Exercise requirements
With every picture left out, give the data below back exactly.

Source material
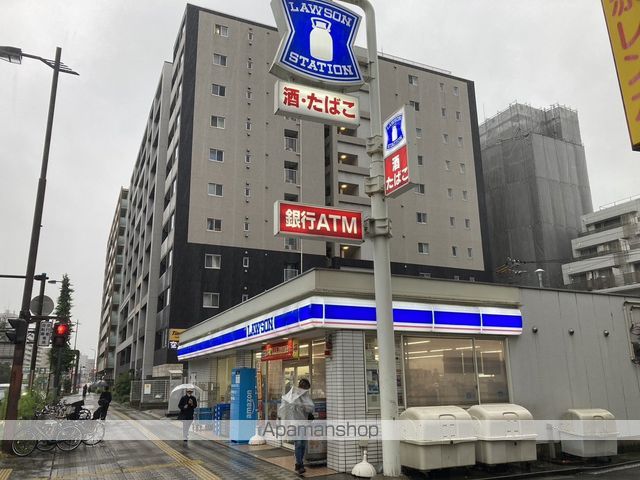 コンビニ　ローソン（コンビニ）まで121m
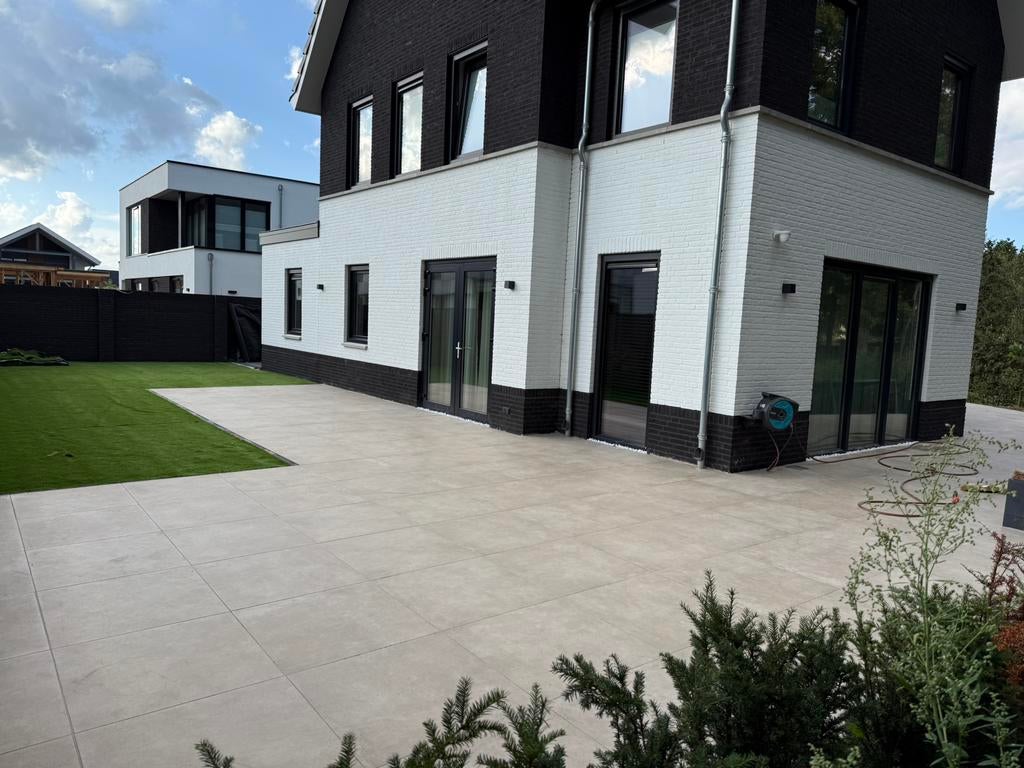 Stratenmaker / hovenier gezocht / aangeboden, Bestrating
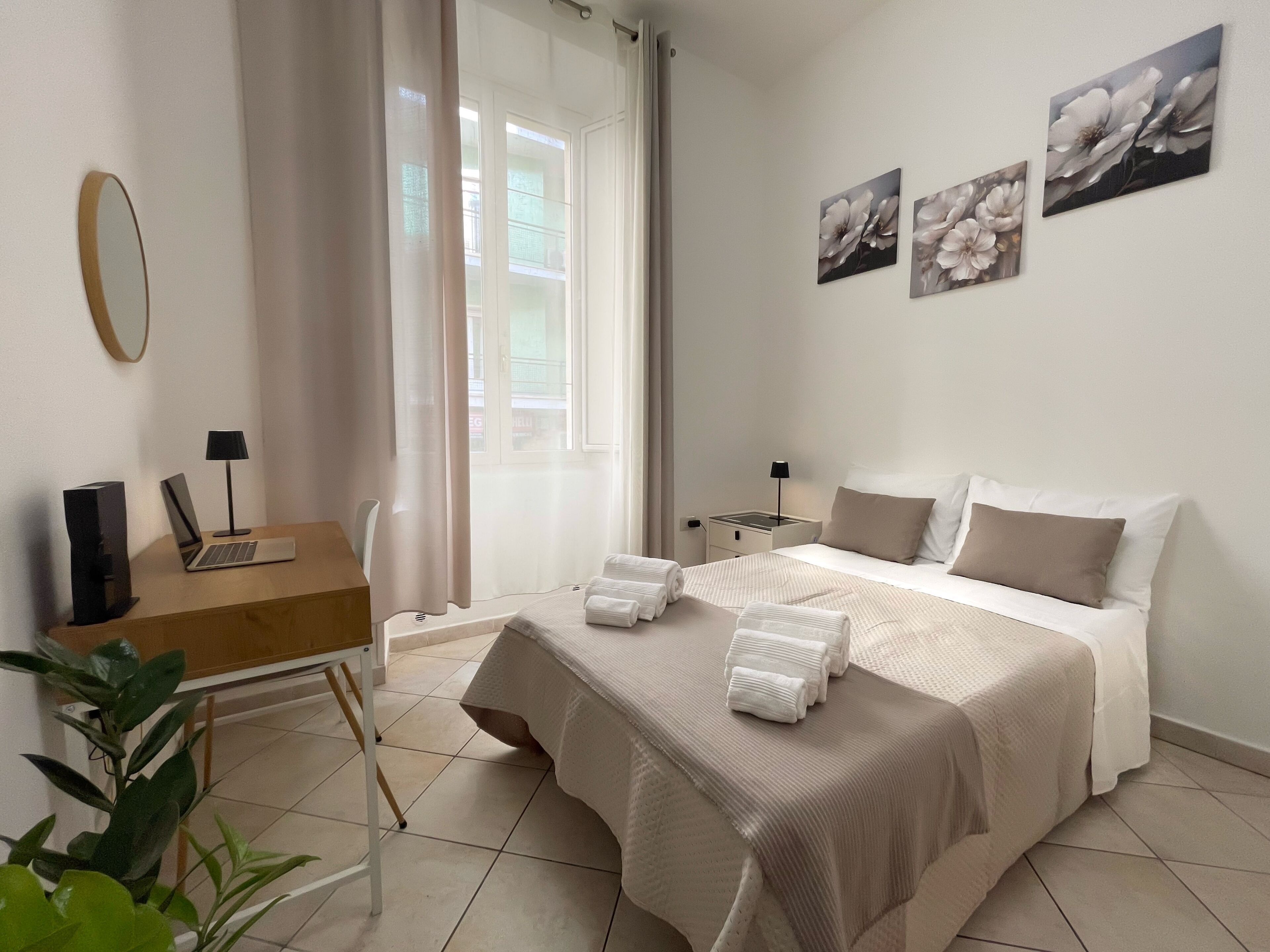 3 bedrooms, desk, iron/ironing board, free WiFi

Result of the task
 コンビニ　ローソン（コンビニ）まで121m
 Stratenmaker / hovenier gezocht / aangeboden, Bestrating
 3 bedrooms, desk, iron/ironing board, free WiFi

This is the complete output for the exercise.